We do not sell personal information.

4. How We Share Information

  • with your organization and its authorized administrators so they can manage users, locations, schedules, records, and workplace operations;
  • with service providers that support authentication, hosting, storage, email delivery, payment processing, analytics, customer support, and, where used for the affiliate program, payout administration or setup review;
  • with legal or regulatory authorities when required by law or to protect rights, safety, and security;
  • in connection with a business transfer, subject to appropriate confidentiality protections;
  • with your direction or consent.

5. Service Providers

Employee HQ uses third-party providers to operate the Service. These may include providers for cloud hosting, authentication, storage, email delivery, analytics, payment processing, and support. We require service providers to use personal information only for providing services to us, subject to appropriate contractual restrictions.

6. Retention

We retain information for as long as reasonably necessary for the purposes described in this Policy, including to provide the Service, comply with legal obligations, resolve disputes, enforce agreements, and support legitimate business needs.

  • active account information is retained while the organization uses the Service;
  • deactivated employee accounts are generally retained for up to 30 days to support reactivation and administrative review;
  • affiliate referral, commission, payout, tax, and audit records may be retained longer when needed for financial reporting, fraud review, payout administration, or legal compliance;
  • some records, such as audit, reporting, support, or transactional history, may be retained longer where needed for security, compliance, or operational purposes.

7. Security

We use reasonable technical, administrative, and organizational safeguards designed to protect personal information. These measures may include authentication controls, role-based permissions, server-side authorization, security rules, logging, and vendor-managed infrastructure protections.

No method of transmission or storage is completely secure. You should use strong credentials, protect your devices, and report suspected unauthorized access promptly.

8. Your Choices

  • update certain profile details in the Service;
  • choose whether to opt into affiliate participation;
  • request corrections through your organization's administrator;
  • request account closure or deletion, subject to organization control and applicable retention requirements;
  • manage browser or device privacy settings, including supported browser privacy signals and storage controls, which may limit website analytics functionality where applicable;
  • manage device, browser, or app permissions you grant to the Service where available.

If your organization controls your account, some requests must be made through that organization.

9. Children's Privacy

The Service is intended for workplace use by adults and is not directed to children under 18. We do not knowingly collect personal information directly from children under 18 for consumer use of the Service.

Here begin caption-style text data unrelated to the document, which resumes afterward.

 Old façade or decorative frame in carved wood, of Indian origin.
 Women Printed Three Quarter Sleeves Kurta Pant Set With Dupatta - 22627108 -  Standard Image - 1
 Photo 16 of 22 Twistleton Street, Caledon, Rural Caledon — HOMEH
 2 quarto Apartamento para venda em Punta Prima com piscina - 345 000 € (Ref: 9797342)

10. International and Regional Use

Employee HQ is operated from and primarily intended for use in the United States. If information is processed in other jurisdictions through our service providers, we take reasonable steps to protect it consistent with this Policy and applicable law.

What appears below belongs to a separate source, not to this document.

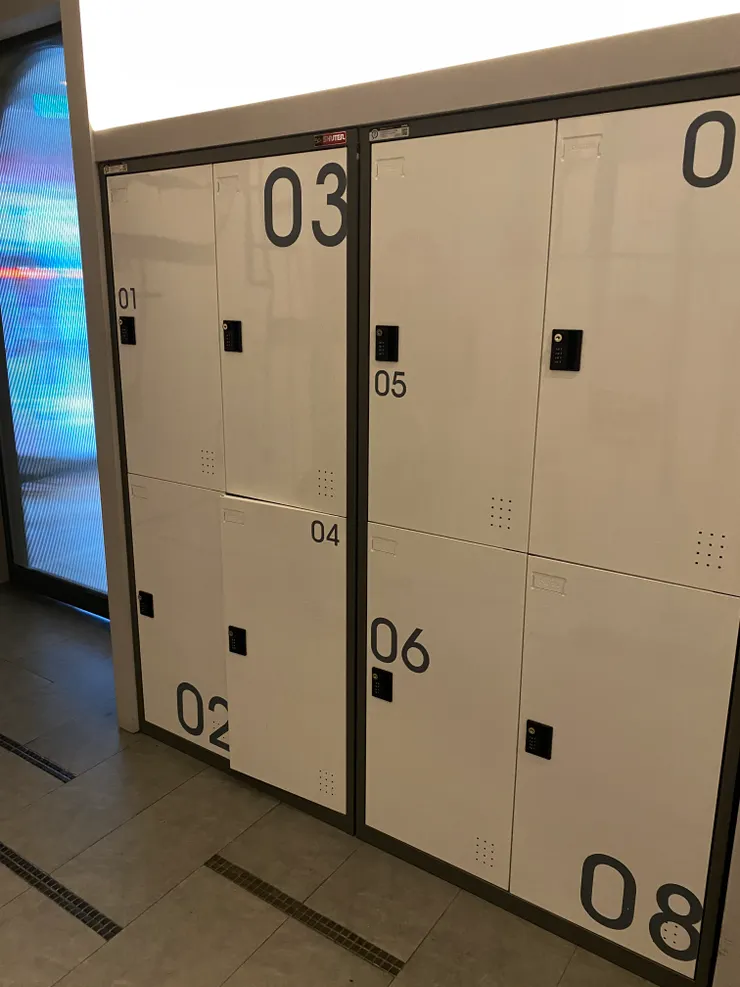 密碼儲物櫃；可以放小件的行李箱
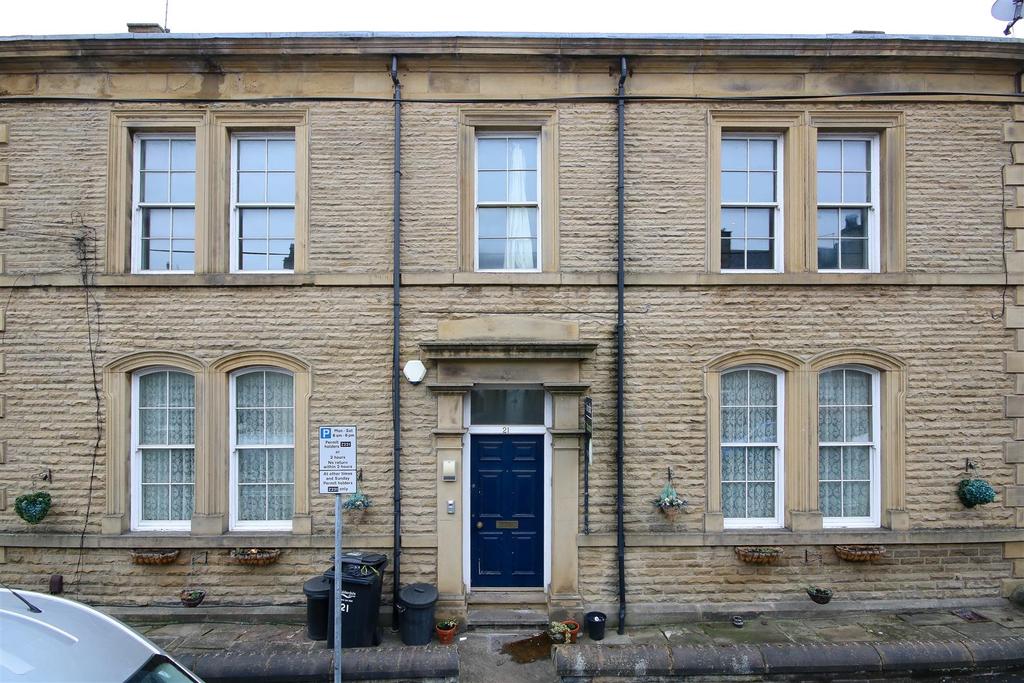 Catherine Street, Elland 2 bed apartment £465 pcm (£107 pw)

11. Changes to This Policy

We may update this Privacy Policy from time to time. If we make material changes, we will update the “Last Updated” date and may provide additional notice where appropriate. Continued use of the Service after the updated policy takes effect means the updated policy applies.

12. Contact

For platform privacy questions, use the contact form at /contact-us. For account or workplace-specific privacy questions, contact your organization's administrator first.